Daniel Eggers
About Daniel Eggers
Daniel L. Eggers (age 49) is Executive Vice President and Chief Financial Officer of Constellation Energy (CEG), a role he has held since the 2022 spin from Exelon; he previously served as CFO of Exelon Generation and held senior finance and investor relations roles at Exelon (2016–2021). Under the current leadership team, Constellation delivered a cumulative TSR of 362.61% from separation through Dec 31, 2024 (one-year TSR 92.73%), and reported 2024 revenue of $23.568B with Adjusted Operating Earnings of $2.735B, aligning pay outcomes to strong shareholder value creation and cash flow execution .
Past Roles
| Organization | Role | Years | Strategic impact |
|---|---|---|---|
| Constellation Energy | EVP & CFO | 2022–Present | Principal financial officer post-spin; oversight of reporting, controls, capital allocation |
| Exelon Generation Company, LLC | EVP & CFO | 2021–2022 | Led finance for Exelon’s generation subsidiary ahead of separation |
| Exelon | SVP, Corporate Finance | 2018–2021 | Corporate finance leadership across the consolidated enterprise |
| Exelon | SVP, Investor Relations | 2016–2018 | Led investor relations during portfolio and regulatory transitions |
External Roles
- None disclosed in company filings for Daniel Eggers .
Fixed Compensation
| Metric | 2022 | 2023 | 2024 |
|---|---|---|---|
| Base salary ($) | 663,316 | 702,101 | 730,294 |
| Target bonus (% of base) | 90% (set at spin) | — | 95% |
| Actual AIP payout ($) | 788,386 | 1,246,962 | 1,172,223 (168.85% of target) |
Notes:
- 2024 AIP corporate metric mix and weights: Operating net income (70%) plus operational KPIs (customer satisfaction 10%, fleetwide capacity factor 10%, dispatch match 7%, renewable capture 3%); formulaic payout 168.85% with no discretion applied .
Performance Compensation
2024 Long-Term Incentive Award (granted Feb 5, 2024)

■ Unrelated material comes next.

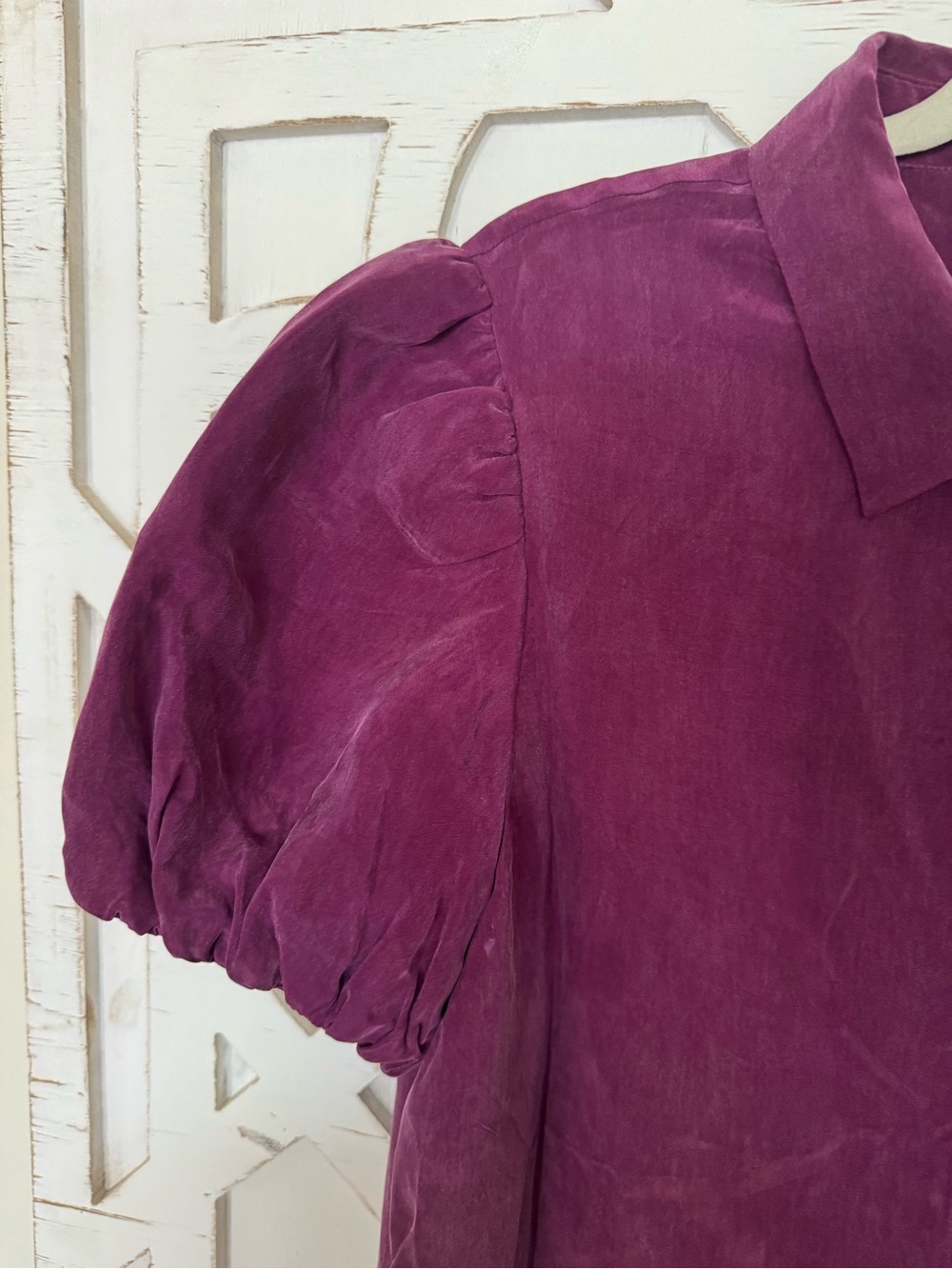 Alice + Olivia Jem Puff-Sleeve Shirt Dress Boysenberry Purple Cupro - Picture 9 of 14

| Instrument | Shares/Units | Grant-date fair value ($) | Vesting / Performance | Metrics |
|---|---|---|---|---|
| RSUs | 7,274 | 924,016 | Ratable vesting over 3 years; dividend equivalents reinvested | Time-based |
| Performance Shares (2024–2026) | 14,769 | 1,876,106 | Earned over 3 years, 50–200% payout; settled in stock/cash per ownership guideline status | Free Cash Flow before Growth; Relative TSR vs custom peer set; Credit ratings modifier |
- LTIP mix and design: 67% PShares / 33% RSUs; PShares measured on three-year performance; RSUs time-vest; both accrue dividend equivalents subject to vesting .
- 2022–2024 PShare cycle (vested Feb 10, 2025): Payout at 200%; Daniel Eggers earned 46,230 shares .

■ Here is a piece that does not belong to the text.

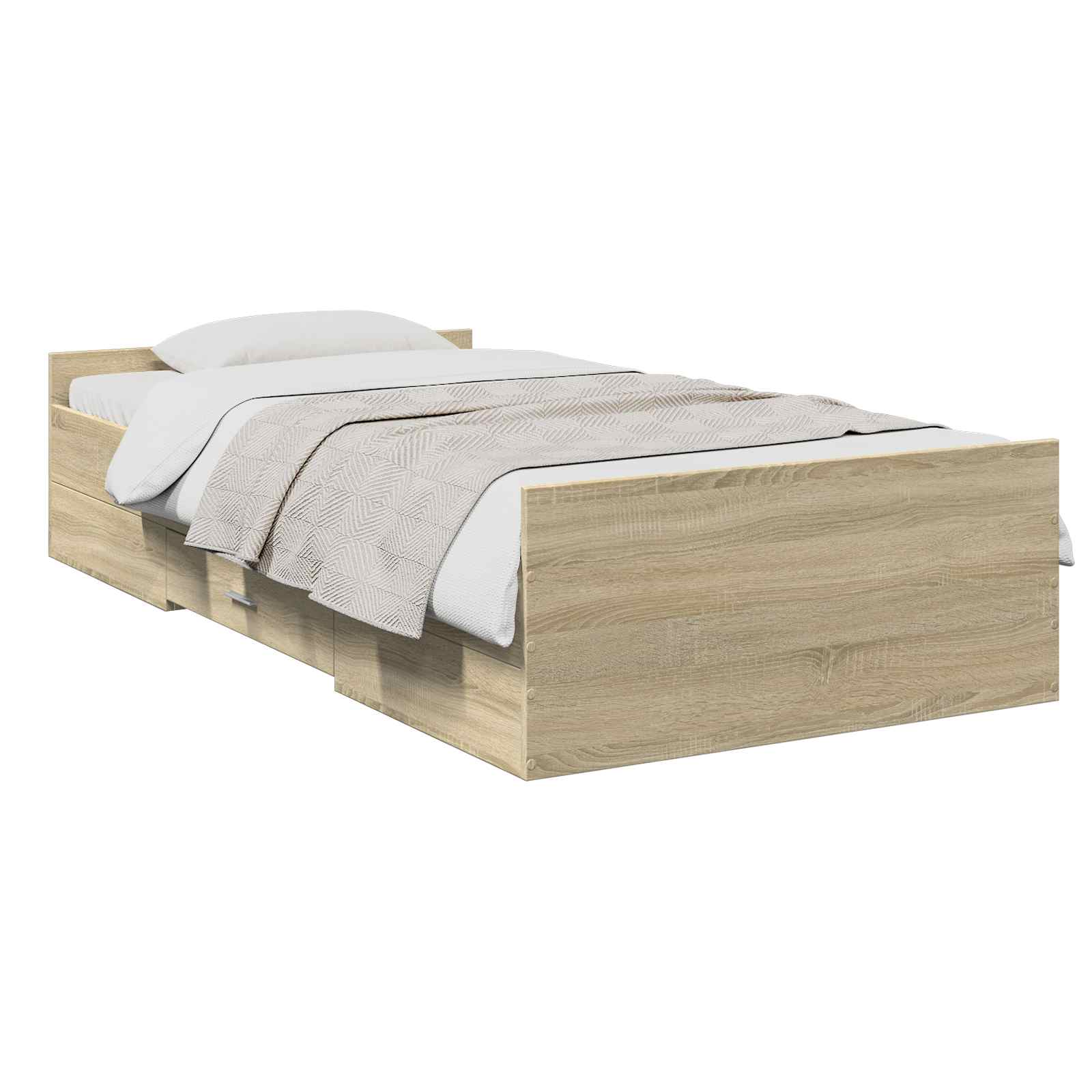Bedframe met opslag Sonoma Eiken 80 x 200 cm Bewerkt hout is nu te koop bij PeponiXL, paradijselijk wonen!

Annual Incentive Plan (AIP) – 2024 results by metric (company-wide design)
- Operating net income (70%) and operational KPIs (customer satisfaction 10%, fleetwide capacity factor 10%, dispatch match 7%, renewable capture 3%) drove a 168.85% payout factor for all NEOs; no discretionary adjustment was applied .
Equity Ownership & Alignment
| Category (as of 12/31/24 unless noted) | Daniel Eggers |
|---|---|
| Beneficially owned shares | 40,303 |
| Unvested RSUs (market value at $223.71) | 17,419 units; $3,896,804 |
| Unearned PShares (target, shown at 200% cap for presentation) (market value at $223.71) | 113,702 units; $25,436,274 |
| Ownership guideline | 3x base salary for NEOs; all NEOs in compliance |
| Hedging/pledging | Prohibited for officers and directors |
Vesting rhythm and potential selling pressure: RSUs vest annually over three years (one-third on each vesting milestone tied to the Compensation Committee’s first regular meeting of the year), which for 2023–2027 creates recurring February vesting events that can contribute to seasonal sell-to-cover activity; PShares vest at the end of each 3-year cycle with settlement per policy .
Employment Terms
- Severance (non-CIC): 24 months base salary; target annual incentive for the 24‑month “Severance Period” plus pro‑rata current year AIP; RSUs/PShares pro‑rated or accelerated depending on retiree eligibility; health/welfare continuation; SMRP enhancement; outplacement and financial planning .
- Change-in-control (CIC) (double trigger within 90 days before to 24 months after): Cash severance of 2.99x base salary and target annual incentive; unvested RSUs vest; PShares vest based on performance through the performance period; benefits continuation; SMRP enhancements; no excise tax gross-ups (plan includes cutback as needed) .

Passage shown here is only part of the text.